Spencer Township is one of the seventeen townships of Medina County, Ohio, United States. The 2020 census found 1,812 people in the township.

==Geography==
Located in the west part of the county, it borders the following townships:
- Penfield Township, Lorain County - north
- Litchfield Township - northeast corner
- Chatham Township - east
- Harrisville Township - southeast corner
- Homer Township - south
- Sullivan Township, Ashland County - southwest corner
- Huntington Township, Lorain County - west
- Wellington Township, Lorain County - northwest corner

The village of Spencer is located in central Spencer Township. The Spencer Lake Wildlife Area is a 618-acre public hunting and fishing park featuring wetlands and a dog training area surrounding an artificial lake constructed in 1961, and rebuilt and enlarged in 1986. The park lies two miles east of the village of Spencer.

==Name and history==
Spencer Township has the name of Calvin Spencer, who helped build a school in exchange for the naming rights.

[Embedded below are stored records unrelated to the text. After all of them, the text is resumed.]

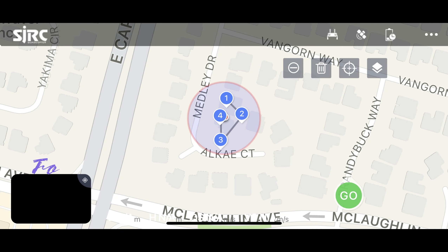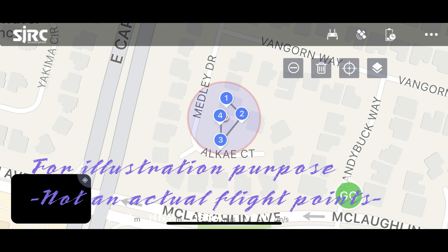That is actually — you can select a maximum of 16 points on the map. Those points are the destinations that you want your drone to fly to.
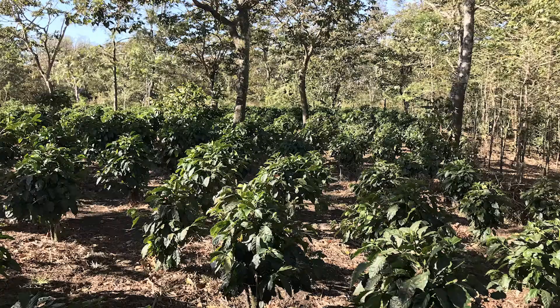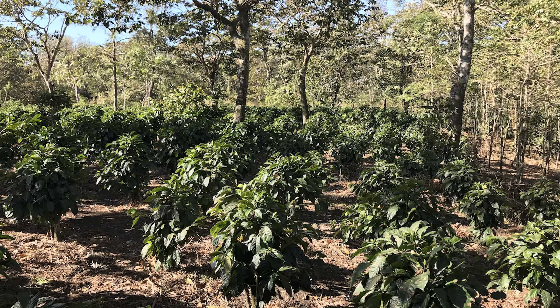Around 2012, there was a lot of talk in the coffee world about leaf rust, or la roya as it's known in Spanish-speaking countries. Mostly this was in Central and South America. Lots of farms were completely devastated and a lot of coffee trees had to be destroyed.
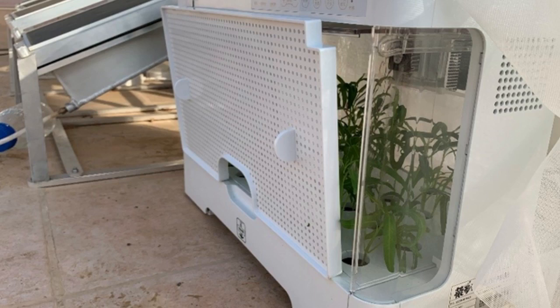57 out of 60 of the water spinach seeds sprouted and grew normally to 18 centimeters. In total, about 2 liters of water were condensed from the hydrogel over the two-week period.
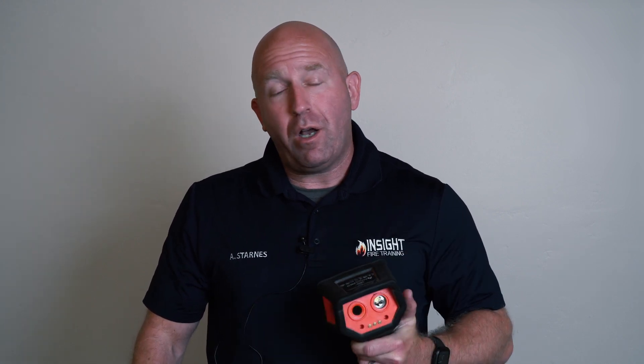What you want to understand about the camera is that this is not going to replace a well-trained, fundamentally sound firefighter. We don't recommend the first thing you do is put this in front of your face and go in with it glued to your face. Use your training, your education, and then use this as a diagnostic tool. If you use it improperly, you're not going to have the results you want.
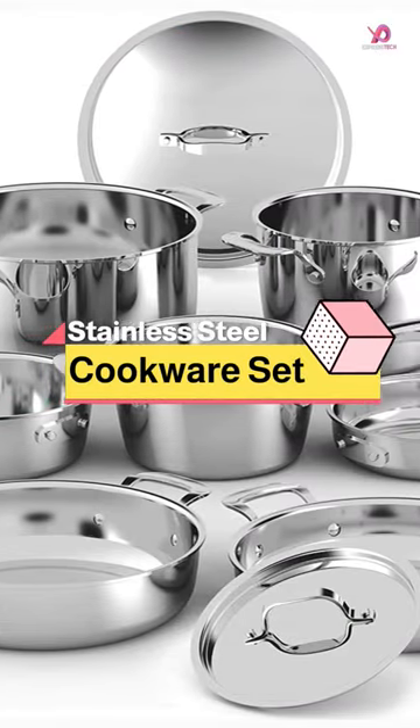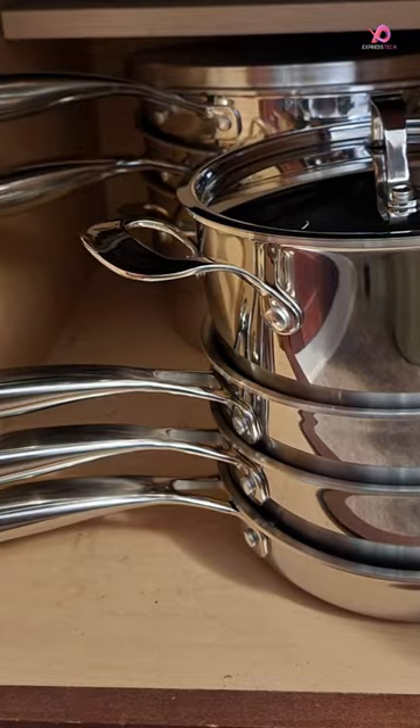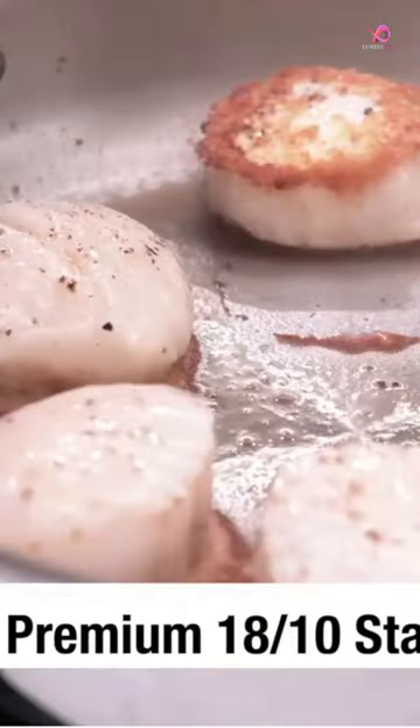The NuWave ProSmart 9-Piece Stainless Steel Cookware Set is a heavy-duty cookware set that delivers fast and even heat distribution, thanks to its triply warp-free construction with aluminum core.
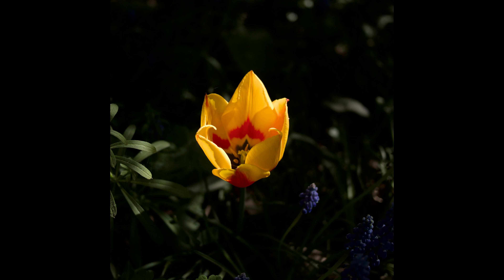Both lenses feature a wide maximum aperture of f/1.7, allowing exceptional low-light performance and the ability to create beautiful bokeh. The wide aperture also facilitates faster shutter speeds, reducing the risk of camera shake. However, the Mark II also improves vignetting when shooting wide open, resulting in more evenly exposed images.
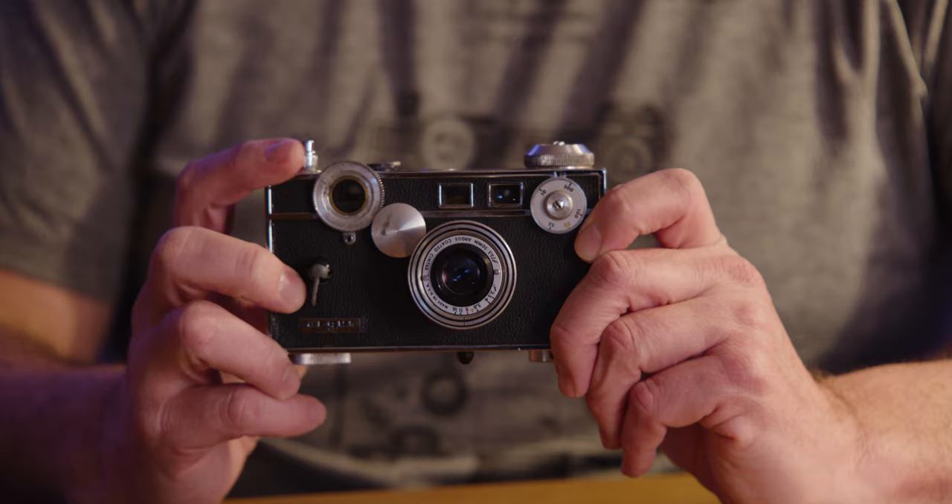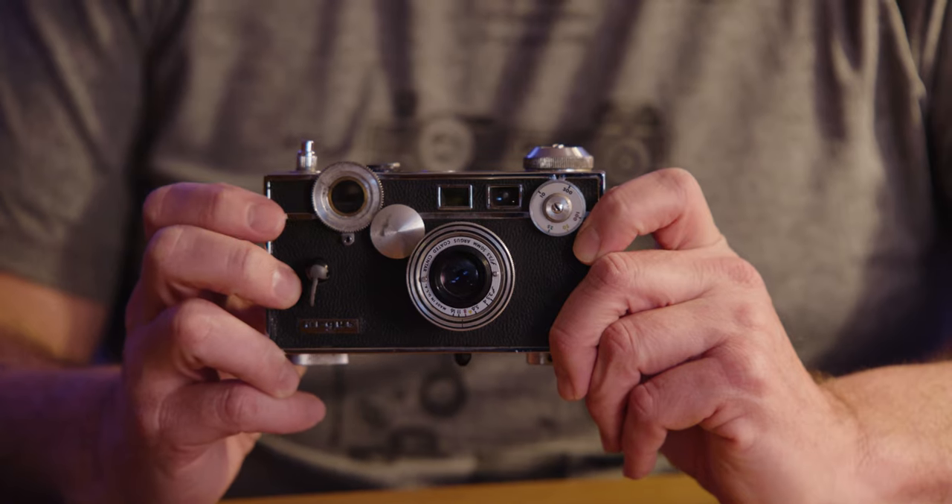Its accessories are long gone and its focus wheel is missing. The Argus C3 is nicknamed 'the brick' because that's what it is — it weighs more than a brick, I think. It has a decent 50 millimeter lens on it, f3.5, so not exactly the fastest lens you'll find.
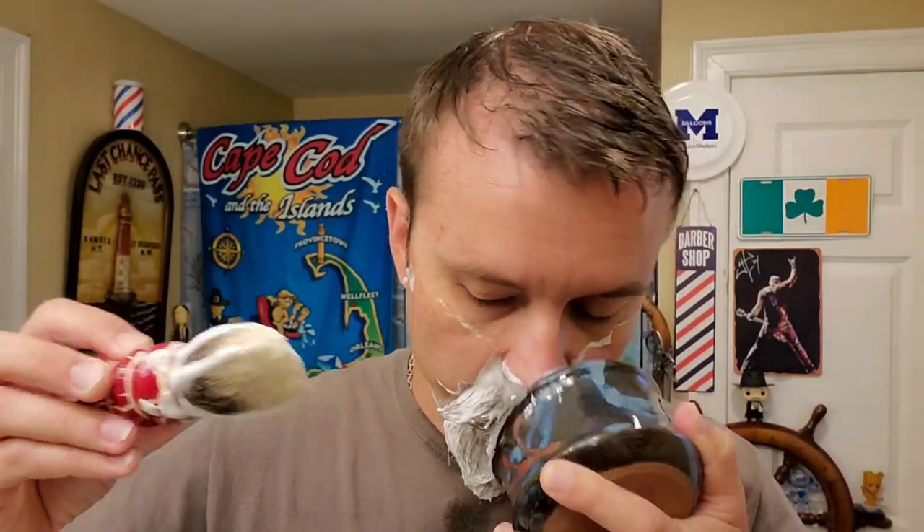Scent strength on it is pretty medium for a cherry. It's not horrifically strong where it fills the bathroom, but it's not so light that it'll dissipate after the shave. Interestingly, as I was over the sink rinsing my face off, I got a ton of bergamot right in the face — as I was throwing water on to rinse. More bergamot than cherry. So that was a really nice surprise. It's there. I got a hint of it before, but once I had the water on — it was right there. Very nice.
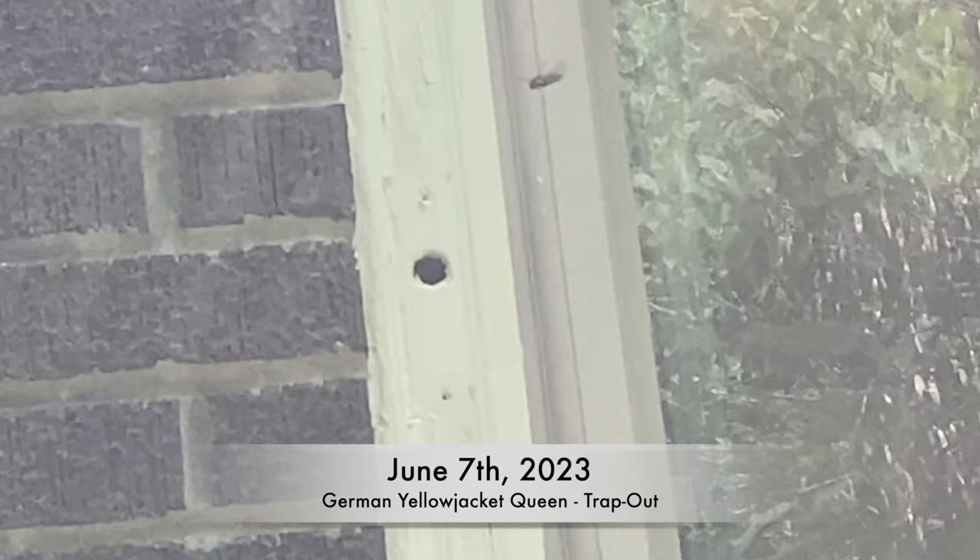Welcome to the Green Wasp Removal YouTube channel. In this episode we show you how we do a trap-out of an invasive German yellow jacket queen, as she was trying to set up a nest inside a small hole she had found on the exterior window frame of a building where we had just completed a bee removal job.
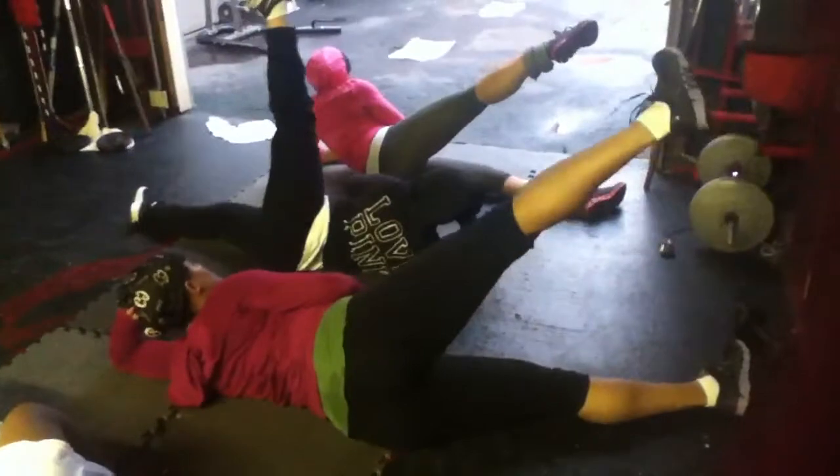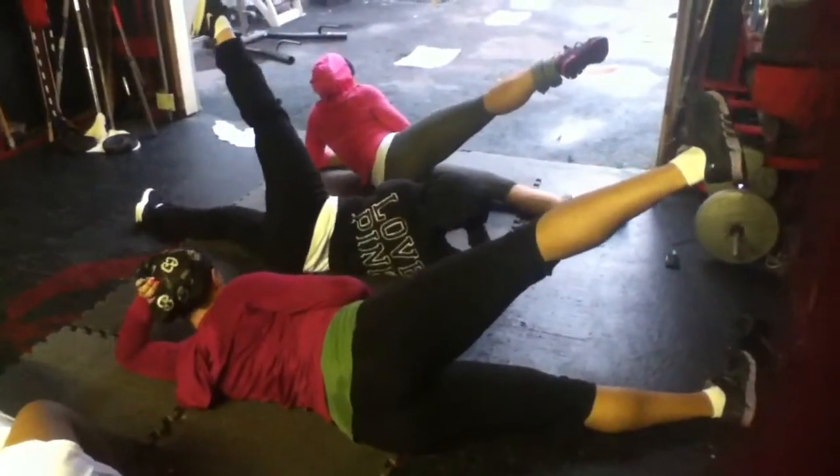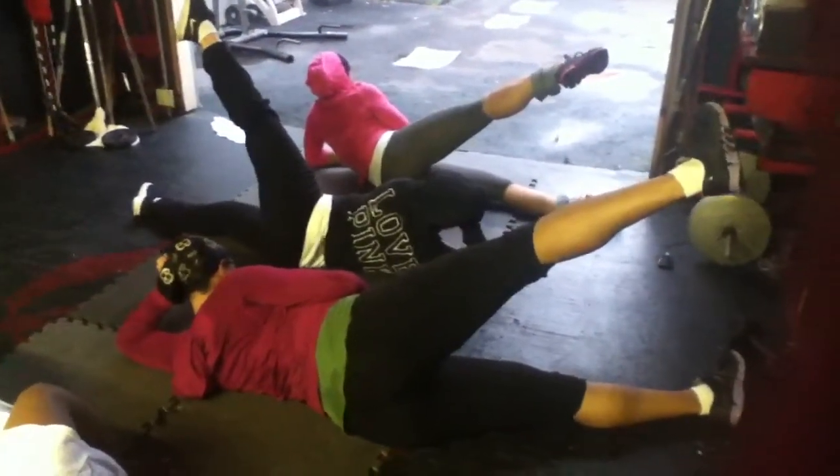Bring it up and hold. 1, 2, 3, 4, 5, 6, 7, 8, 9. Relax.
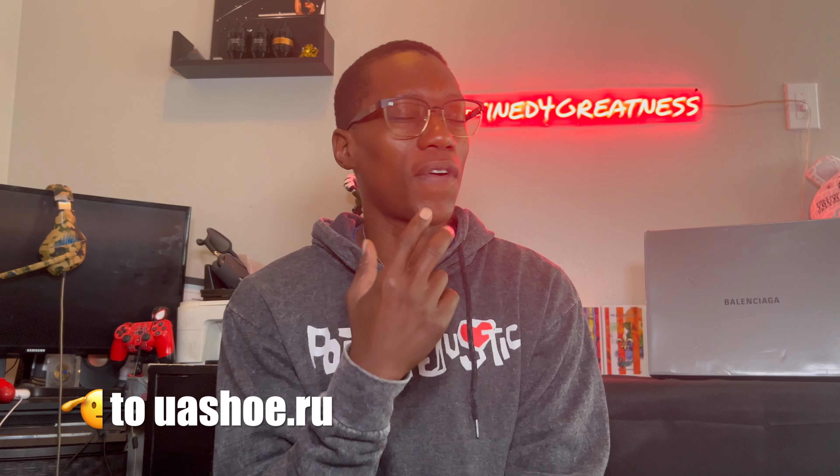What up Greatness Gang, D4G here, I am back. Y'all see the big box in the background — we got another pair of Balenciagas we're going to be tapping into, and this is going to be complimentary from my people over at uashoe.ru. I think this is like my second or third collab with them. The first one I got the olive fives from them — they got some good products so far, I'm enjoying them. Let's go ahead and tap into these Balencis.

Statewide, other Spencer Townships are located in Allen, Guernsey, and Lucas counties and formerly in Hamilton County.

==Government==
The township is governed by a three-member board of trustees, who are elected in November of odd-numbered years to a four-year term beginning on the following January 1. Two are elected in the year after the presidential election and one is elected in the year before it. There is also an elected township fiscal officer, who serves a four-year term beginning on April 1 of the year after the election, which is held in November of the year before the presidential election. Vacancies in the fiscal officership or on the board of trustees are filled by the remaining trustees.